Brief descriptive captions
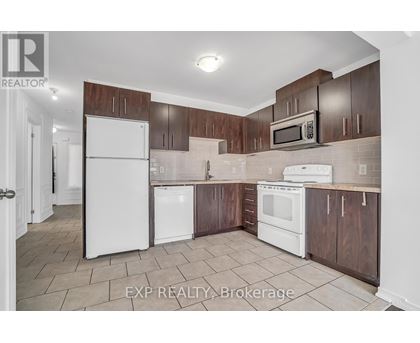 A kitchen with white appliances and brown cabinets.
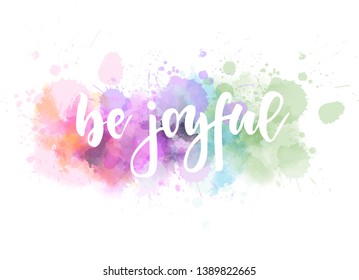 Be joyful - motivational handwritten modern calligraphy handlettering. On light pastel coloring watercolor paint background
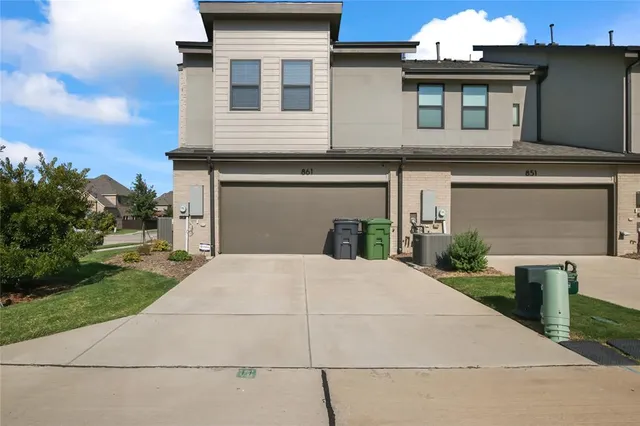 a front view of a house with a yard and potted plants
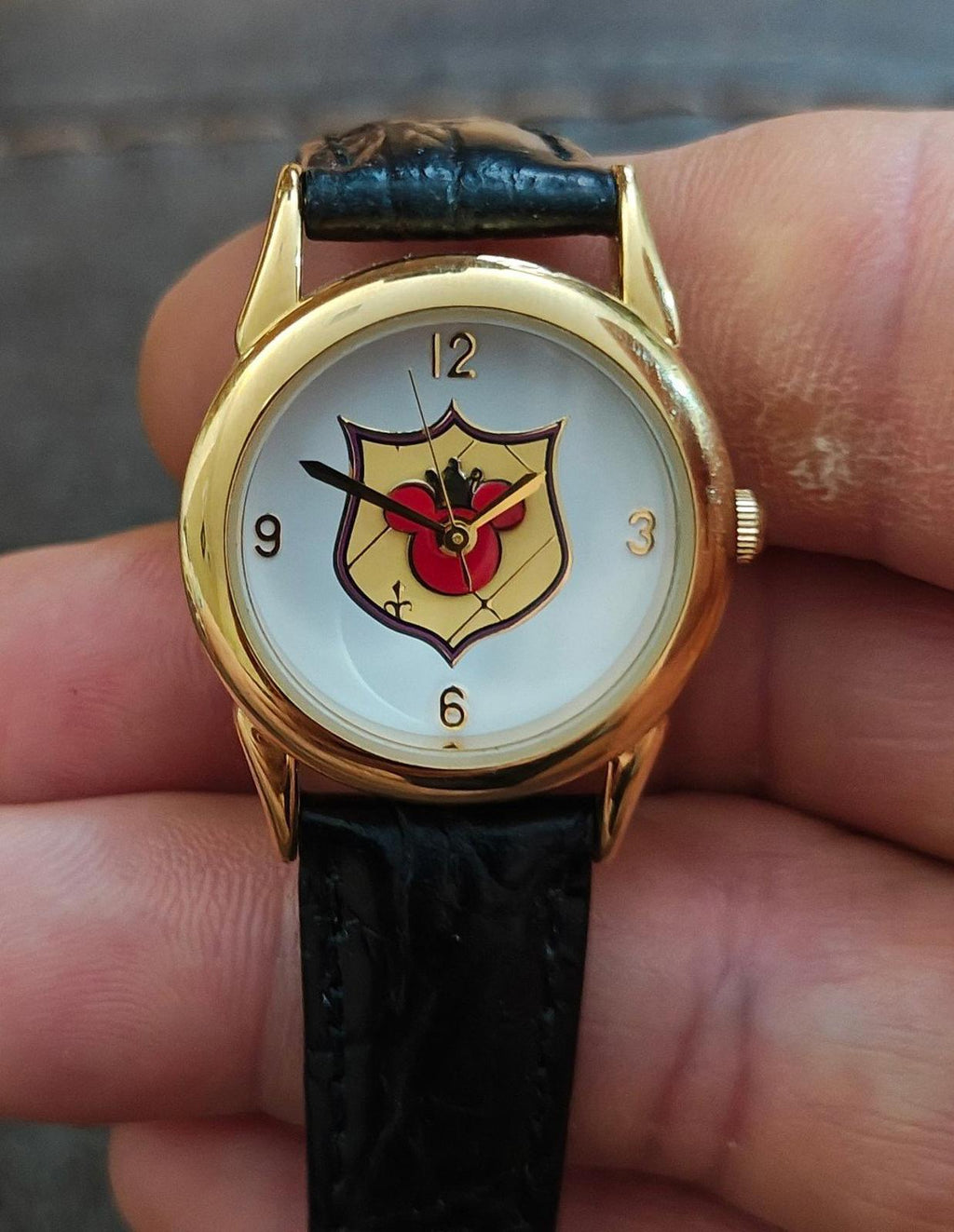Gold-tone quartz wristwatch with black leather strap and Mickey-style red dial logo.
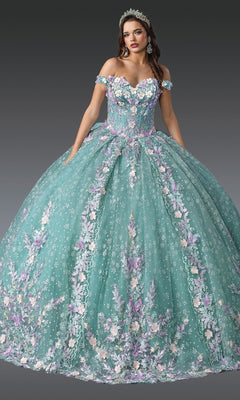 A woman in the Quinceanera Dress 1962 By Dancing Queen, a large pastel teal ball gown with floral embroidery, off-the-shoulder sleeves, and a matching tiara stands against a plain dark background.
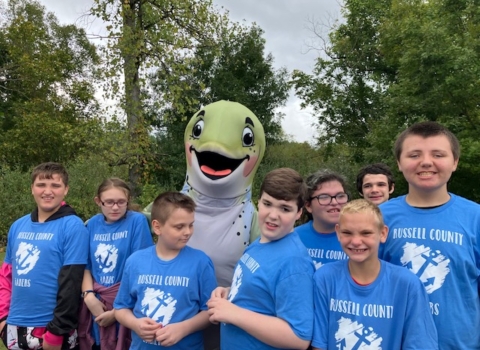 Group of kids smiling with fish mascot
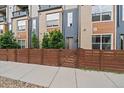Townhome featuring a private fenced-in yard and modern facade at 3522 W 17Th Ave, Denver, CO 80204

## YOUR INSTRUCTIONS
Keep every word of the records and none of the pictures when you print them again.

## SOLUTION
 A kitchen with white appliances and brown cabinets.
 Be joyful - motivational handwritten modern calligraphy handlettering. On light pastel coloring watercolor paint background
 a front view of a house with a yard and potted plants
Gold-tone quartz wristwatch with black leather strap and Mickey-style red dial logo.
 A woman in the Quinceanera Dress 1962 By Dancing Queen, a large pastel teal ball gown with floral embroidery, off-the-shoulder sleeves, and a matching tiara stands against a plain dark background.
 Group of kids smiling with fish mascot
Townhome featuring a private fenced-in yard and modern facade at 3522 W 17Th Ave, Denver, CO 80204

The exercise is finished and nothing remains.